The Evolve Project, funded by the European Union’s Horizon 2020 program under grant agreement No. 825061, aims to tackle the ‘significant challenges’ posed by agricultural production for data processing.
The project sees a ‘data deluge’ opening up a ‘new frontier’ for the food and other industries, which are struggling to leverage existing tools to manage the huge amounts of data becoming more available.
Evolve’s ultimate aim is to be able to automatically identify a crop in a region based on satellite images and then predict crop growth for accurate in-season forecasting of agricultural production. The project is leveraging a centralised ‘testbed’ to optimise agri-production using yield and numerical models as well as ‘massive historic data’. This will allow ‘easy’ deployment and use of the testbed by domain experts in agri analytics.
“There are 11 countries involved and 19 partners,” Pierre-Aimé Agnel, Evolve’s technical project manager told FoodNavigator. "Partners in the project bring their technologies together on a prototype in order to bring high performance computing (HPC) techniques to companies while maintaining the simplicity of use of cloud platforms. The environment is designed to be versatile and performant, easy to use, easy to access and secure.”
Better, faster data interpretation
In agri-food, the project aims to reduce computing time while increasing dataset size and accuracy, Agnel explained. “We intend to increase the area covered from 400 sq. km to 100 000 sq. km and the error margin from 4% to less than 1%.”
Evolve partner CybeleTech is a ‘use case’ that leverages satellite images and machine learning algorithms to identify crops and predict yields.
Founded in 2011, the company is focused on developing numerical technologies in agriculture. The core products of CybeleTech are based on either numerical simulations of plant growth through dedicated biophysical models or machine learning methods extracting knowledge on processes through large databases, CybeleTech’s Teddy Debroutelle explained.

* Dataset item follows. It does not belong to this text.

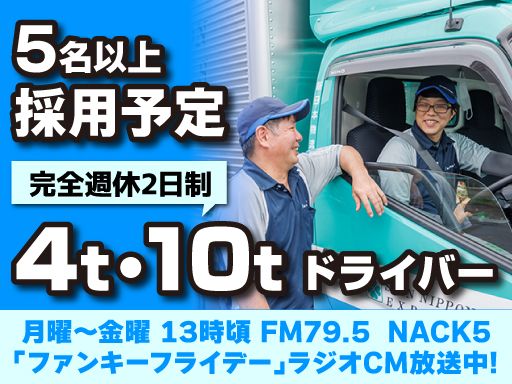 新日本物流株式会社【青梅事業所】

This approach can bring benefits at various stages of the production process. In plant breeding, simulating plant growth can help reduce the amount of field trials by approximately 50%; HPC models can optimise on-farm practices; forecast yields to anticipate storage and market requirements; and strengthen quality control.

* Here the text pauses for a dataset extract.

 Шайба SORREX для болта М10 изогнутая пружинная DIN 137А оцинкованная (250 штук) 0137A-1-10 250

“We develop technologies on the big crops such as cereals, corn, sugar beet, sunflower and rapeseed, as well as some tropical crops,” CybeleTech director Marie Joseph Lambert added.
Within the Evolve project, the tech company is designing and implementing the agri analytics workflows, starting from the current prototype. The end game is to develop ‘realistic massive dataset processing’ using the HPC features of Evolve’s application.
“The exact data we extract from satellite imagery relates to industrial property. However, they are only a small part of all data that go into yield prediction. Our algorithms also include a large part of plant mechanical modelisation to achieve accurate predictions. The output of crop models is accurate to some percent of the actual field value,” Lambert claimed.
The partners are seven months in to the 36-month project, which has already secured funding of €14m from Horizon 2020. By bringing together partners in markets where data capability is already a source of disruption, Evolve aims to address issues around data ownership and processing capabilities, leveraging data as a force for progress.
“As these markets are socially critical for European citizens, Evolve is not a pure technology project but frames itself in the more global perspective of data ownership in an open society.”